Una justa distribución de la PAC, las ayudas europeas al campo, ha sido otra de las reivindicaciones de los manifestantes. Muchos de ellos no entienden como grandes terratenientes, incluidos empresarios y aristócratas, son los que más se benefician de la PAC en detrimento de los pequeños y medianos agricultores. En este sentido, los líderes agrarios en sus arengas finales han hablado de la necesidad de unirse para formar cooperativas y asociaciones agrícolas más poderosas y fuertes, capaces de hacer frente a los intermediarios, a las multinacionales y a las grandes superficies comerciales. Fue Matías Llorente quien puso el ejemplo de los casos de éxito de los ganaderos de Gaza en Zamora o Central Lechera Asturiana frente a los intermediarios o la cooperativa de vinos Gordoncello, en la que se ha unido todo un pueblo de León para comercializar sus vinos.

Y se ha visto a bastante gente joven, incluso a familias enteras, dueñas de explotaciones agrarias y ganaderas, en las que los más jóvenes se muestran divididos ante el futuro.
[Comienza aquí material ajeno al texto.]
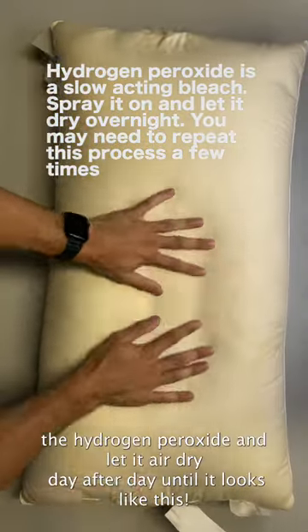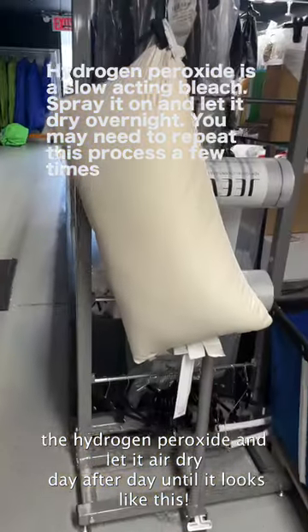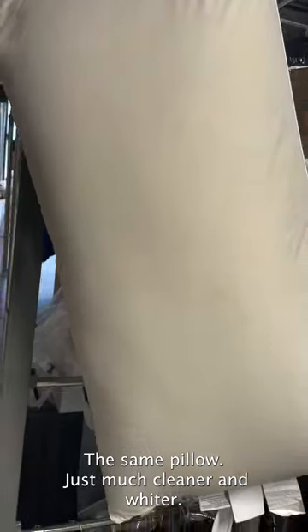Now to fix the color, we're going to spray it down with hydrogen peroxide and let it air dry day after day until it looks like this — the same pillow, just much cleaner and whiter.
Hay quienes anuncian que van a seguir con la empresa familiar, pero hay otros jóvenes que no están dispuestos a emular el sacrificio de sus pares a cambio de una baja rentabilidad. No les compensa ni se muestran esperanzados en un pronto cambio de condiciones en el campo leonés.

Tractores en Ordoño II/ MC

Por otra parte, la mayoría de los políticos que han participado en esta manifestación lo han hecho en segundo plano y de un modo discreto, sin protagonismos personales. En esta ocasión, el alcalde de León, la ciudad anfitriona, contraprogramó la manifestación y convocó a la misma hora en su despacho a representantes de UGT, CCOO y de las patronales para consensuar un documento común de cara a la próxima reunión de la Mesa por León, del 3 de marzo. Los líderes sindicales de UGT y CCOO se acercaron al inicio de la manifestación para expresar su solidaridad y apoyo a sus compañeros de los sindicatos agrarios.

Por último, todos los líderes sindicales han coincidido en remarcar otras reivindicaciones importantes,  como medidas para paliar los daños de la fauna salvaje en las explotaciones agrarias, la lucha contra las plagas, mejores servicios públicos en los pueblos o una fiscalidad más justa, un equilibrado acceso a los seguros agrarios y la revisión al alza en el IVA compensatorio. En este sentido, un apasionado Llorente se comprometió a usar su cargo como vicepresidente de la Diputación para sentar en la mesa a las administraciones y a las operadores telefónicas para lograr antes de dos años una cobertura total y de calidad de telefonía e internet en toda la provincia, algo fundamental para la modernización y supervivencia de las exploraciones agrarias.

Una familia unida por las reivindicaciones agrarias/ MC

Pasadas las dos y media de la tarde la macromanifestación se disolvía con la sensación de sus convocantes de haber dado un aldabonazo y un aviso para navegantes. “Y si no nos hacen caso, volveremos” amenazaban desde la tribuna de oradores. Y remataban. “Nadie podrá ya con un campo unido”.

Ahora el siguiente reto es repetir el éxito de esta manifestación el lunes, 2 de marzo, en Ponferrada, donde los cuatro sindicatos volverán a salir unidos a la calle.